- Cyprus Courts Do Not Have Jurisdiction to Recognise and Register Foreign Arbitration Awards When neither the Applicant nor the Respondent Has Its Domicile in Cyprus
- June 17, 2015 | Author: Soteris Flourentzos
- Law Firm: Soteris Flourentzos & Associates LLC - Limassol Office
The Applicant Company filed in the District Court of Nicosia an Application seeking the registration and recognition of an arbitration award granted by the Korean
Commercial Arbitration Board. That Application went uncontested by the Respondent Company, and an Order was issued by the District Court of Nicosia registering and recognizing the said arbitration award as a Cyprus Court judgement. Later, the Applicant Company filed an ex parte application for a writ of attachment of property in the hands of the third person, that is the amount of USD $ 48 million, for execution purposes against the Respondent Company.
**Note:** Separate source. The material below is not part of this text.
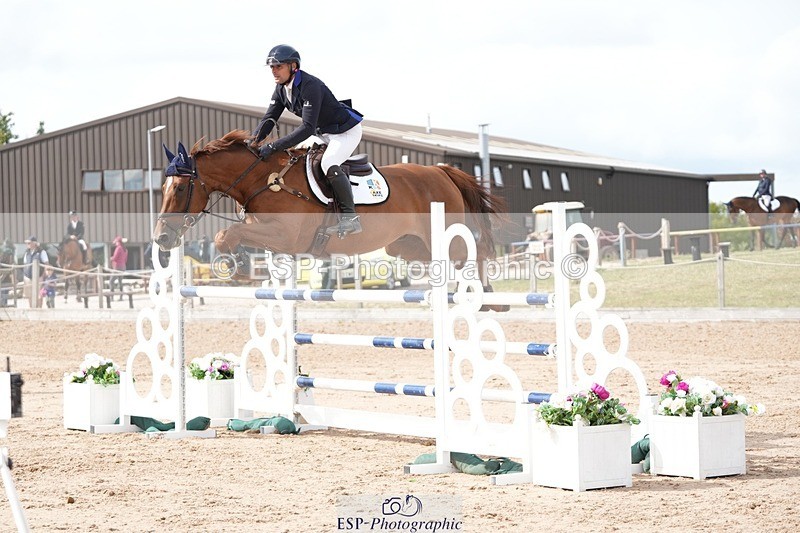 250803-163530-14588 - Cls 30 Redpost Equestrian Senior Foxhunter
Once the relevant writ of property in the hands of the third person was served, the Respondent Company filed an application for a prerogative order of the Supreme Court of Cyprus against the ex parte issue of the said writ of attachment. The only argument of the Respondent Company was that the District Court of Nicosia lacked jurisdiction to issue such an order because neither of the parties had their legal seat within Cyprus (the Applicant Company is based in Korea and the Respondent Company in China), which is one of the requirements of the Law on Judgments of Foreign Courts (Recognition, Registration and Execution) No. 121(¿)/2000.
The Supreme Court accepted this argument, that the jurisdiction of a District Court derives from the domiciliation of the respondent, within the district that the Court is situated. The absence of any connection of the two Companies with the Nicosia District demonstrated the lack of jurisdiction of the District Court to issue in the first place the Order for the recognition and registration of the Arbitration Award, rending the whole procedure illegal.
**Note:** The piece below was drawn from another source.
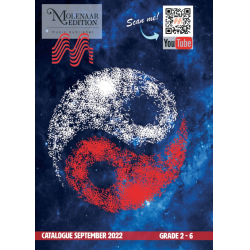 Promo Kat Molenaar: Band Music - New Publications 2022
Consequently, the Supreme Court cancelled the writ of attachment of property in the hands of the third person issued in the context of the Application for recognition and registration of the Arbitration Award.
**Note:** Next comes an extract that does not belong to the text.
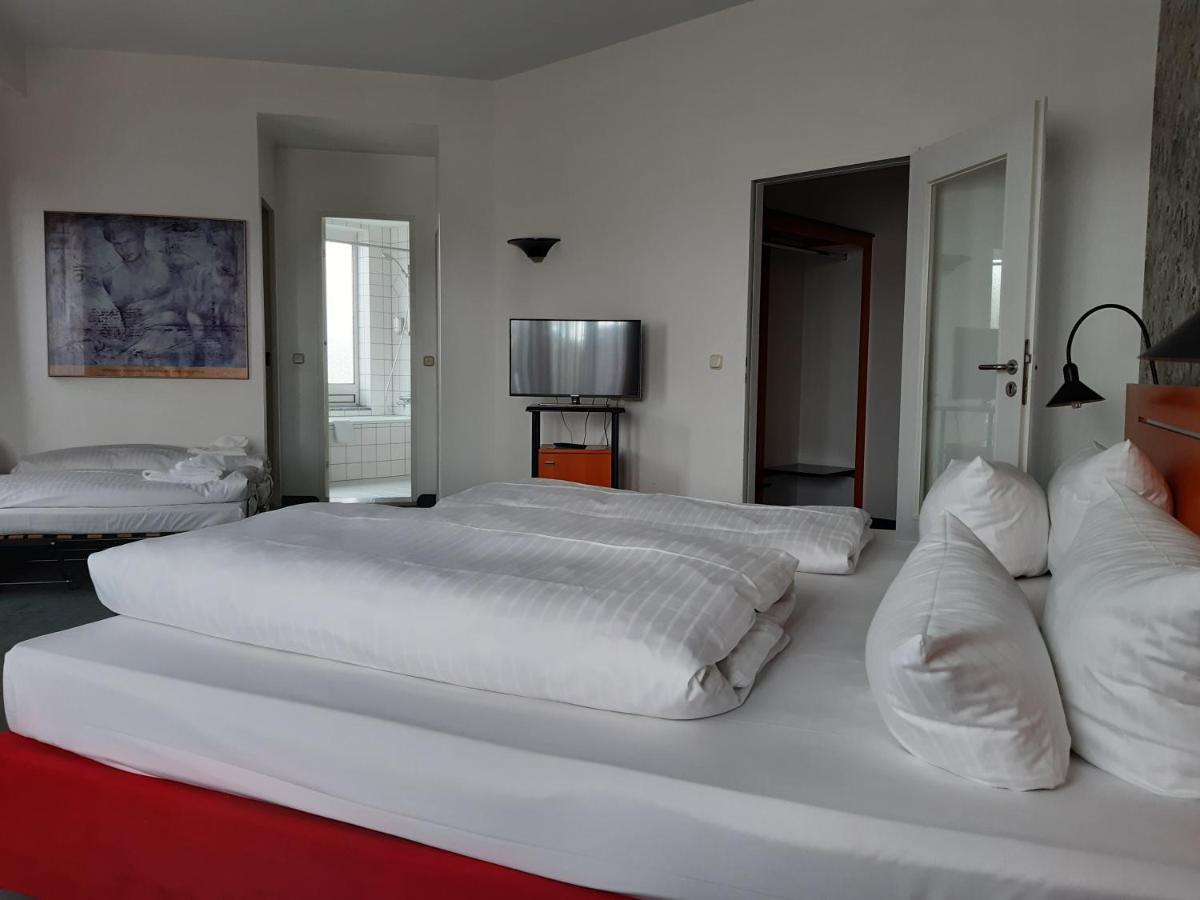 Hotel Good Morning + Leipzig Extérieur photo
This is the first case that the Supreme Court of Cyprus interpreted the relevant provision of the Law on Judgments of Foreign Courts (Recognition, Registration and Execution) No. 121(¿)/2000, that an Arbitration Award in order to be recognized by the Cyprus Courts either of the parties must have its domicile in Cyprus and the existence of assets of such party within the jurisdiction of Cyprus does not satisfy this requirement.